LOS 800 METROS DEL ATLETISMO OLÍMPICO, DE WOTTLE A RUDISHA

Correr siempre se me ha dado fatal. Y, aparte de por mi afición a prácticamente todo tipo de deportes desde que era un crío, tal vez por eso siempre me ha causado admiración ver competir a los grandes atletas. Probablemente porque pocas cosas impresionan más que observar a alguien haciendo con éxito lo que para ti resulta absolutamente imposible.

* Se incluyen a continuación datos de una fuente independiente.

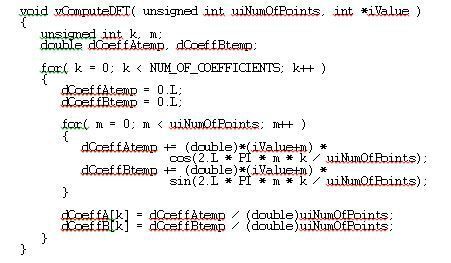 Listing 1: DFT-Algorithmus, Fließkomma-Variante (Technische Universität Clausthal)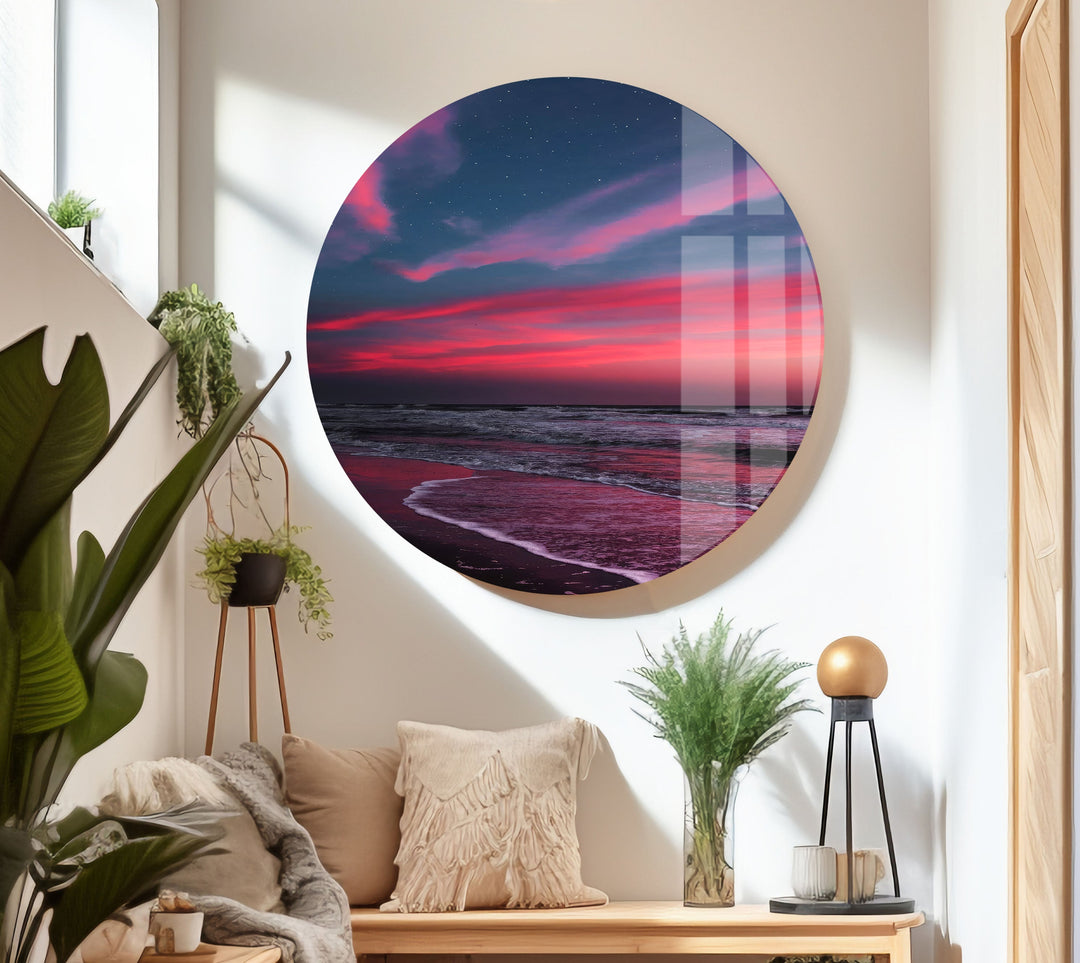 Red Sunset Landscape Glass Wall Art large glass photo prints, glass wall photos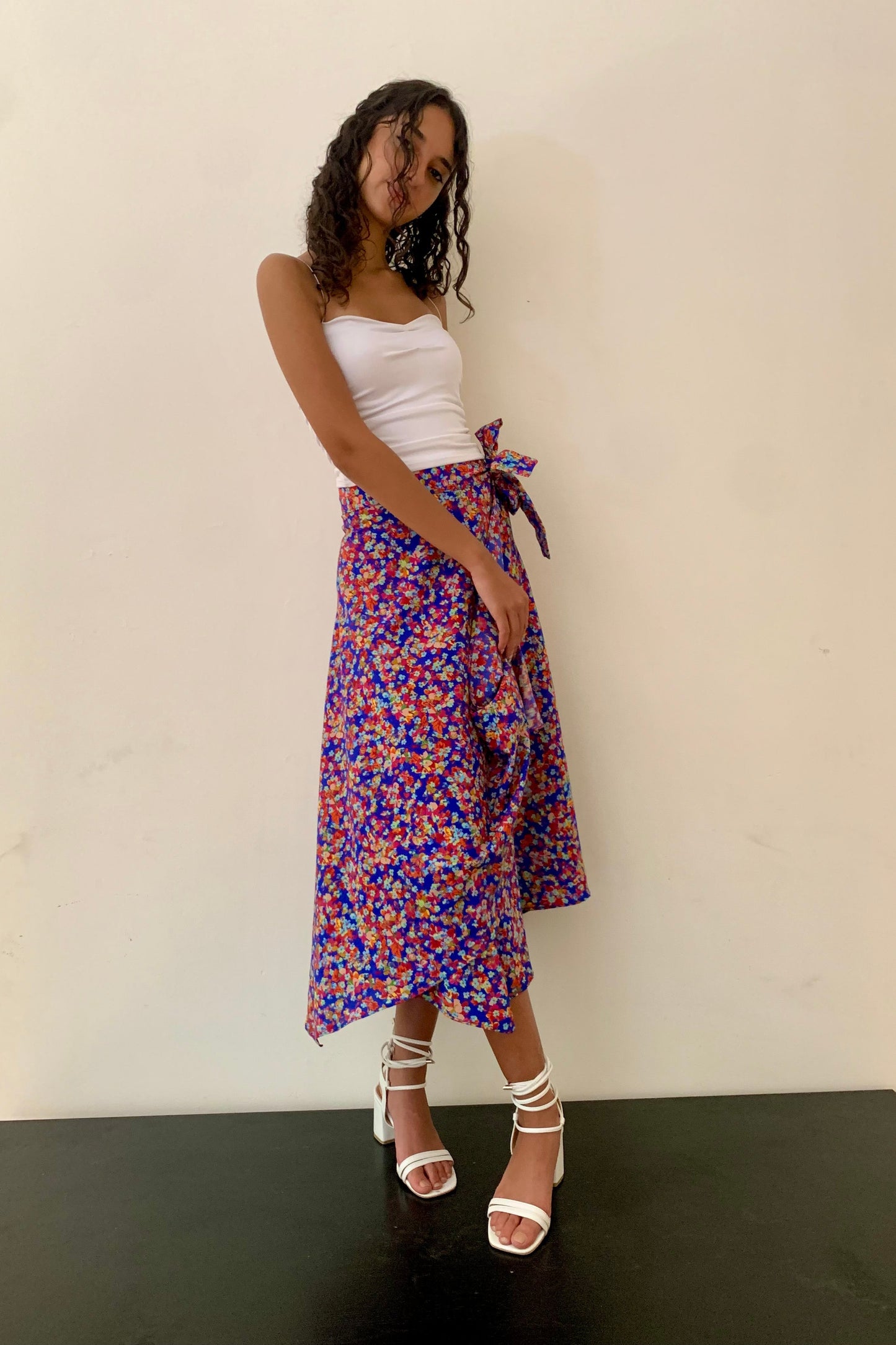 Blue Bouquet Wrap Skirt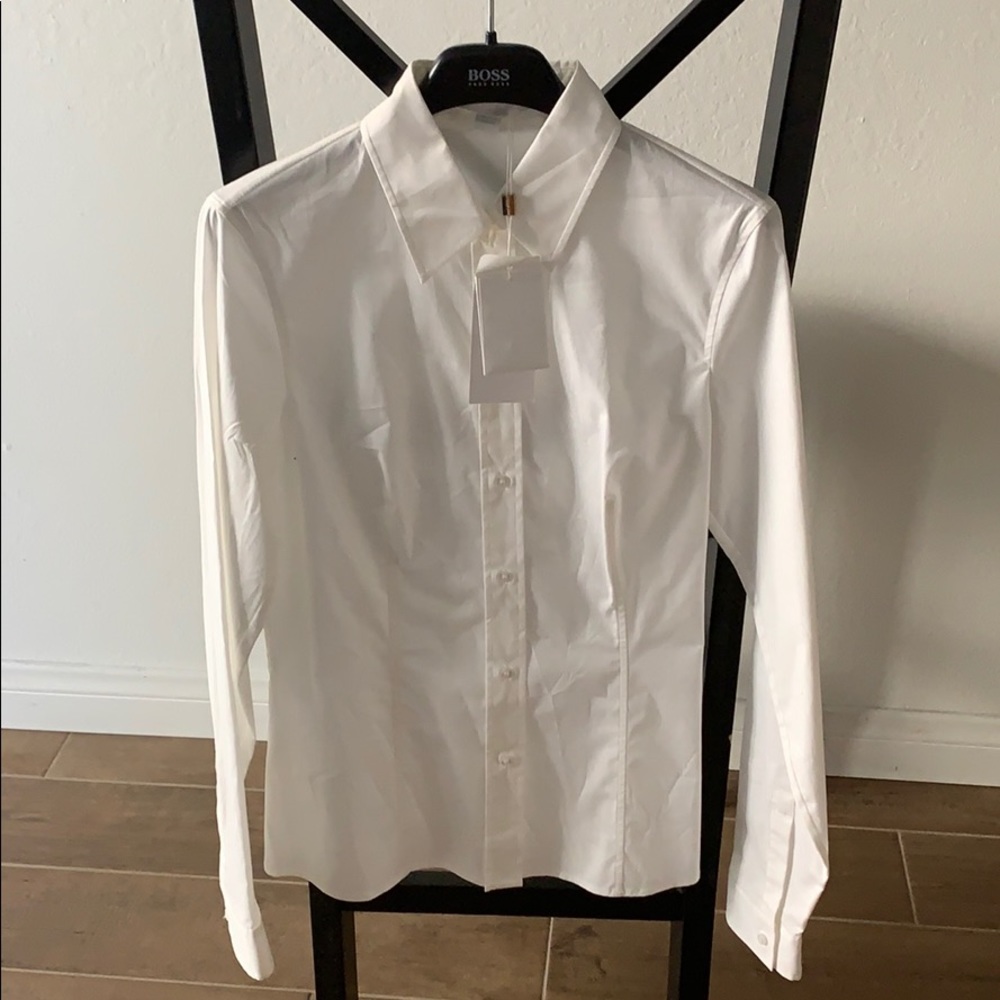 Hugo boss white button up collared shirt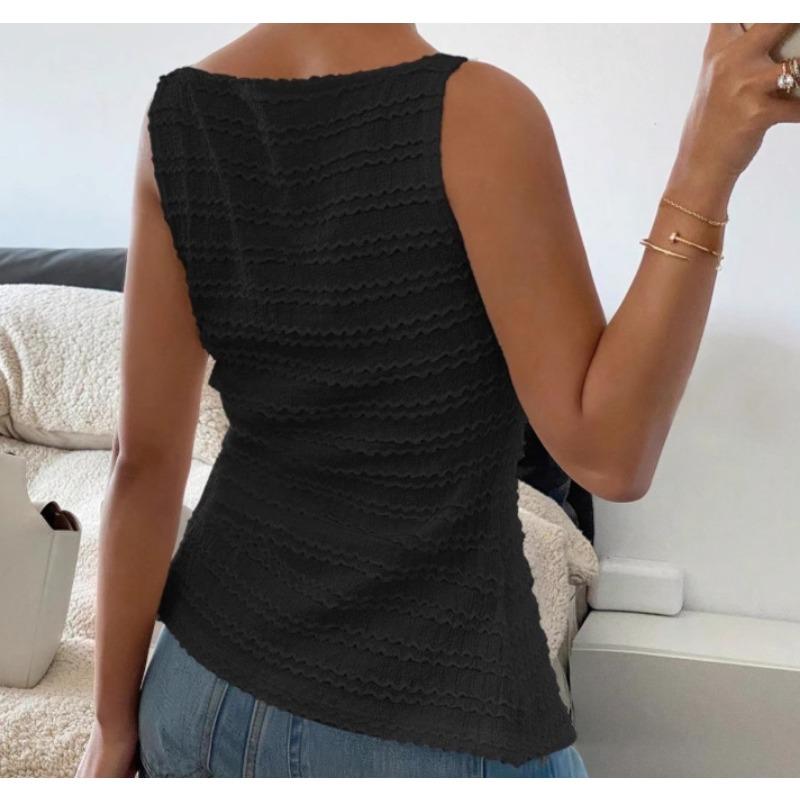 Spring Summer Fashion Casual Sleeveless Vest Solid Color Button Top T-shirt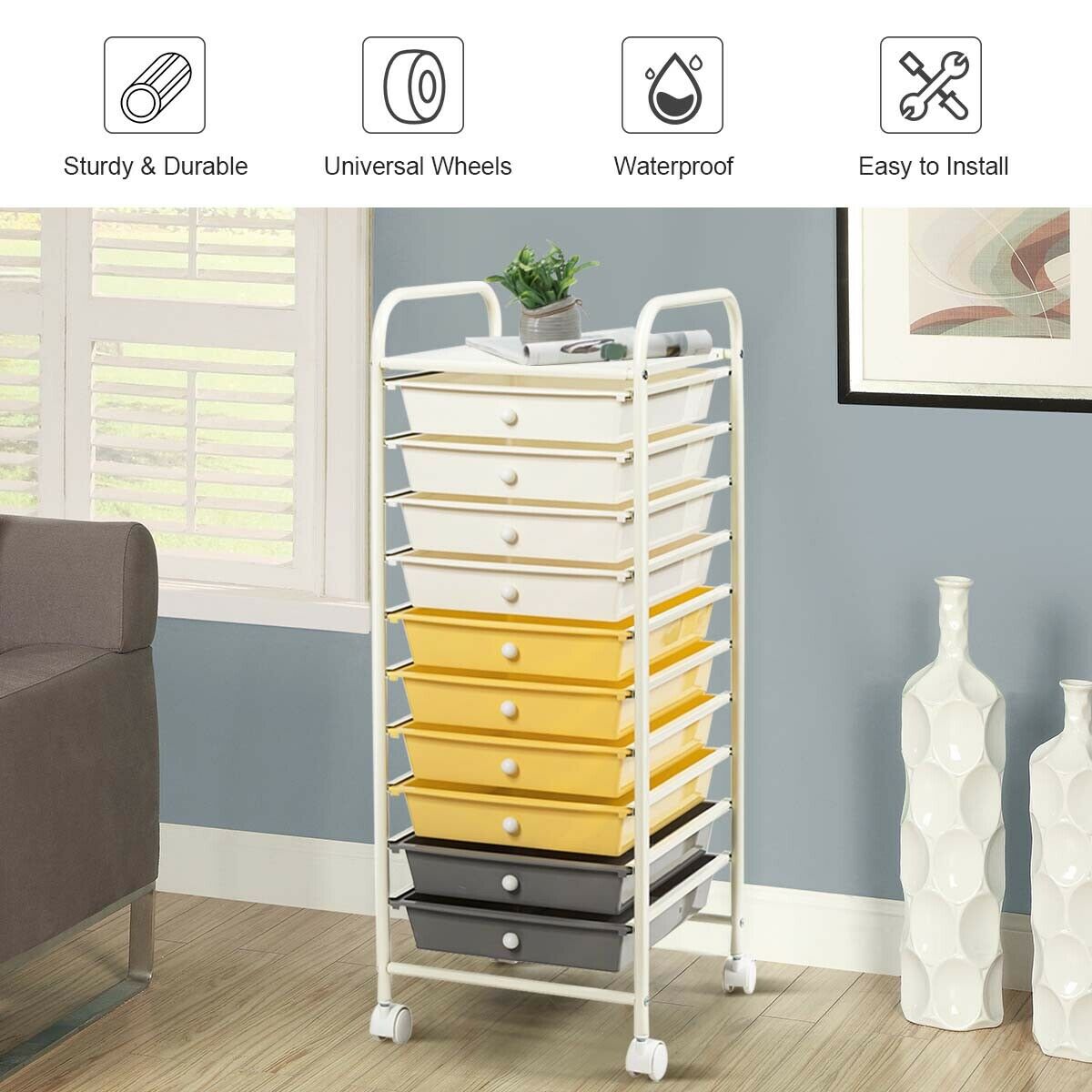 10 Drawers Mobile Storage Trolley with 4 Wheels for Beauty-Yellow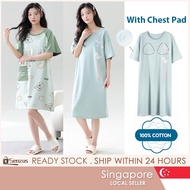 【SG SELLER】Chest Pad Night Dresses 100% Cotton Pyjamas Women Pajamas Short sleeve Loose Sleepwear Th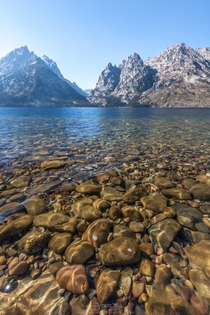 The Tetons by the clear waters of Jackson Lake WY 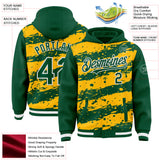 Custom Gold Kelly Green-White Splash 3D Pattern Design Bomber Full-Snap Varsity Letterman Hoodie Jacket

Para uno como yo, que a duras penas terminaba, último y rezagado, cualquier carrera de, como mucho, 1000 metros que nos hacían disputar en las clases de gimnasia, en mis años de BUP, la contemplación de los mejores atletas desplazándose a toda velocidad por el tartán de las pistas no puede menos que despertar, por igual, admiración y envidia. Es inevitable que me pase por la cabeza ese pensamiento de ‘¡Quien tuviera esa velocidad en las piernas y esa resistencia en el corazón!’. Porque, en mi caso, velocidad poca… ¡y resistencia ninguna! Así que, falto de ambas cualidades, son los atletas que mejor las aúnan quienes me han llamado más la atención a lo largo de los años. Y si hay una prueba atlética en la que ambas virtudes son necesarias casi en igual medida esa es la de los 800 metros lisos.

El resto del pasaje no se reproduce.